= Source data =
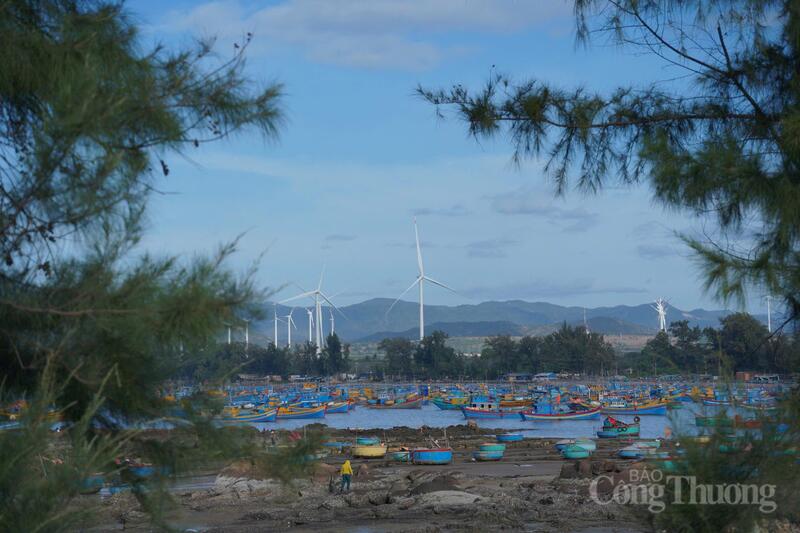 Dự án điện gió tại khu vực Bình Thuận. Ảnh: Minh An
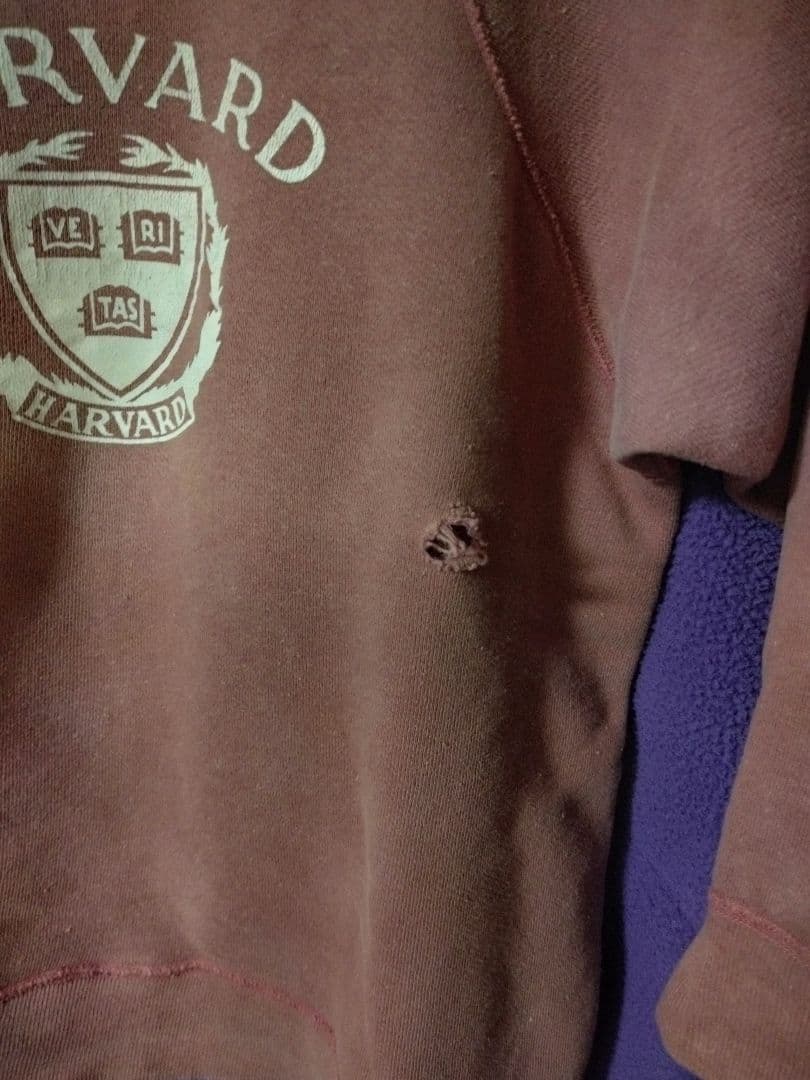 60s チャンピオンランタグ　ビンテージスウェットハーバード　サーモンピンク中C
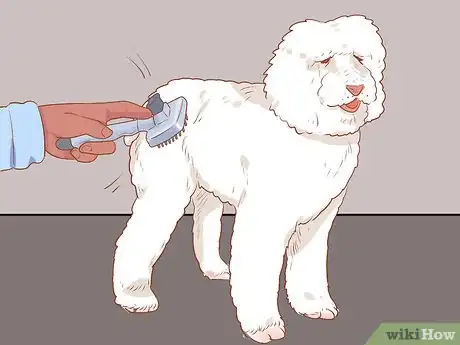 Image titled Full Scissor a Poodle by Hand Step 4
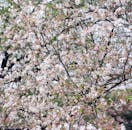 White Cherry Blossom Tree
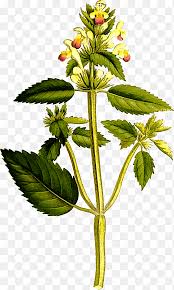 Image result for Galeopsis segetum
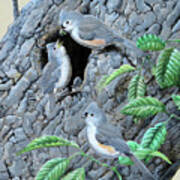 Tufted Titmouse Family Poster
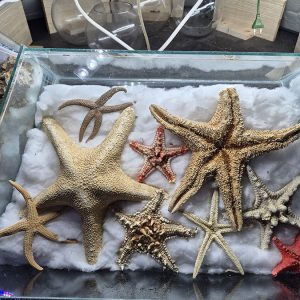 JAVNI AKVARIJUM I TROPIKARIJUM HK3 (35)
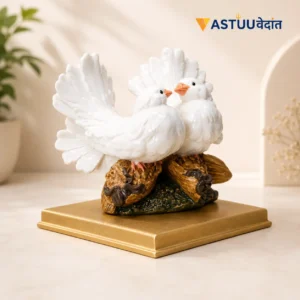 Love Birds/White Pigeons - Experience True Love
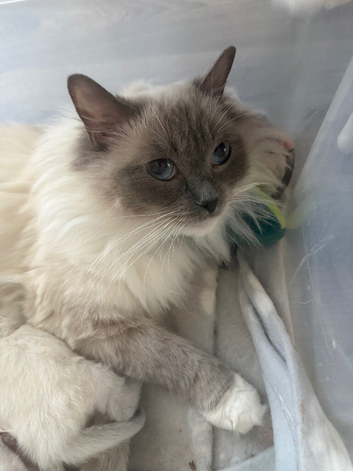 GCCF registered 3 year old female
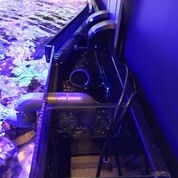 D-D Reef-Pro 1800 CARBON OAK -  Aquariumsystem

= Task prompt =
Pictures stay out, but every record above is to be returned exactly.

= Exercise response =
 Dự án điện gió tại khu vực Bình Thuận. Ảnh: Minh An
 60s チャンピオンランタグ　ビンテージスウェットハーバード　サーモンピンク中C
 Image titled Full Scissor a Poodle by Hand Step 4
 White Cherry Blossom Tree
 Image result for Galeopsis segetum
 Tufted Titmouse Family Poster
 JAVNI AKVARIJUM I TROPIKARIJUM HK3 (35)
 Love Birds/White Pigeons - Experience True Love
 GCCF registered 3 year old female
 D-D Reef-Pro 1800 CARBON OAK -  Aquariumsystem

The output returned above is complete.